● **Task prompt**: Below are records with pictures; copy word for word only the lines between the line with "1BR/1BA Apartment · Mill Valley photo 1" and the line with "Model train enthusiast", inclusive, and drop the pictures.

● **Records supplied**:
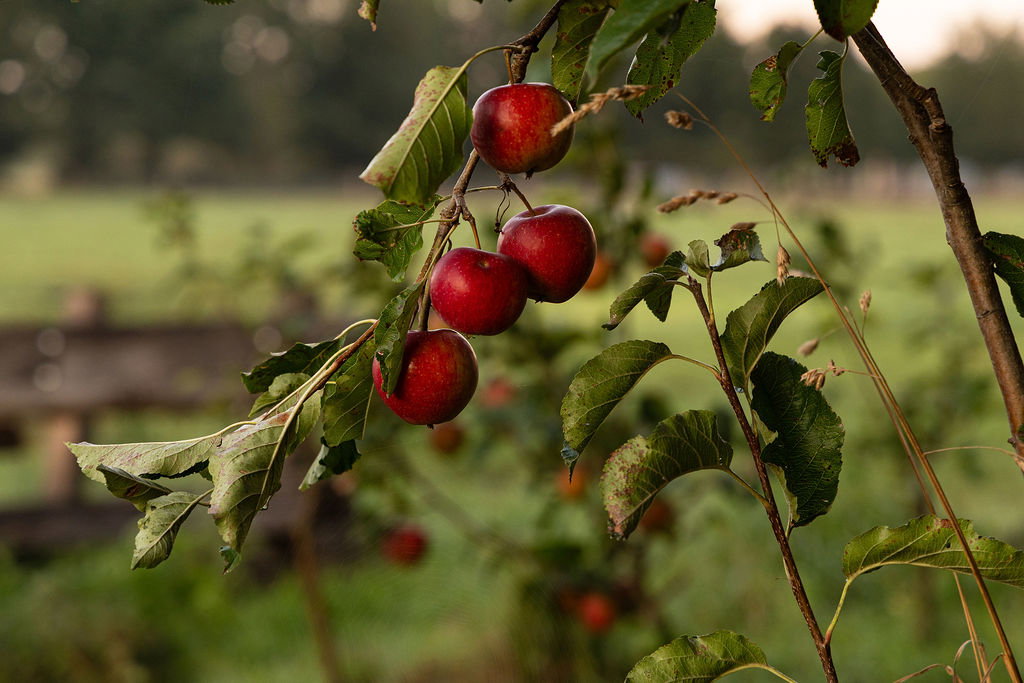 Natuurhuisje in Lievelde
...
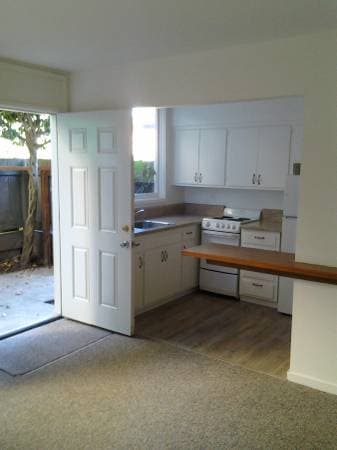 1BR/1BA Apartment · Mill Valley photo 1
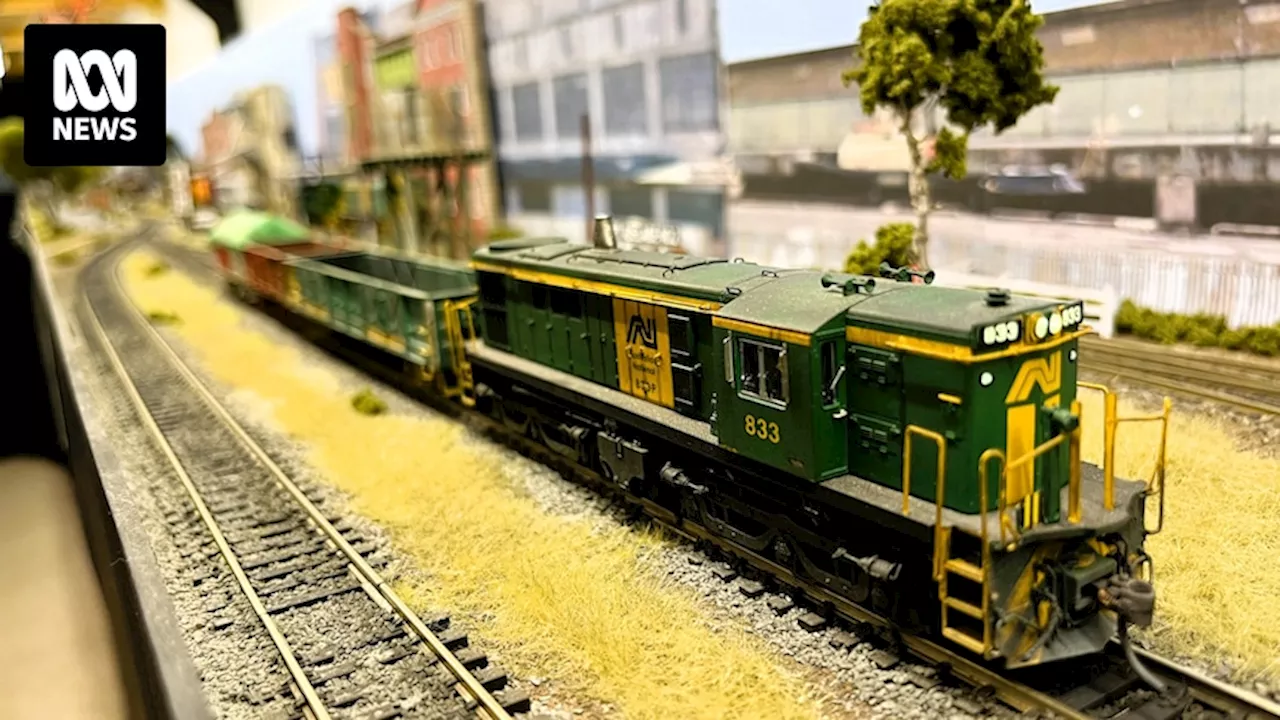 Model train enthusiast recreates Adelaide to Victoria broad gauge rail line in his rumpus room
==
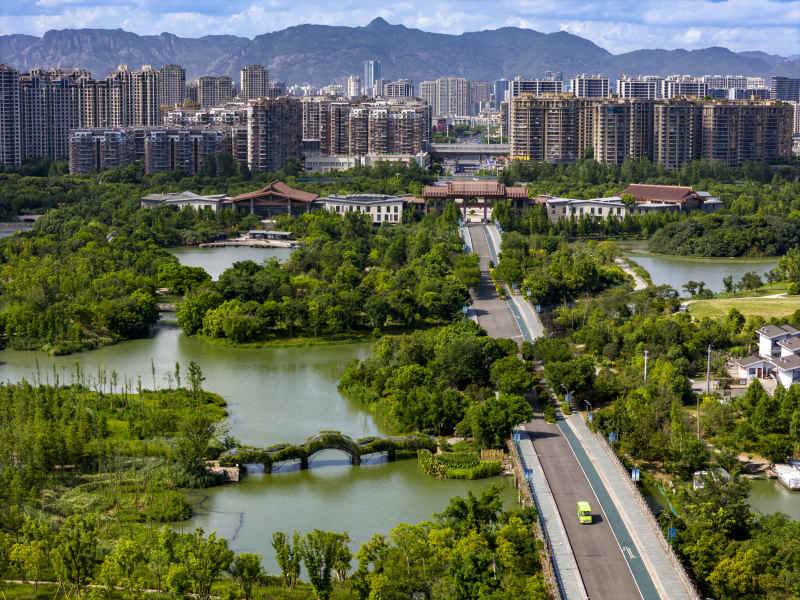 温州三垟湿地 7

● **Output**:
 1BR/1BA Apartment · Mill Valley photo 1
 Model train enthusiast recreates Adelaide to Victoria broad gauge rail line in his rumpus room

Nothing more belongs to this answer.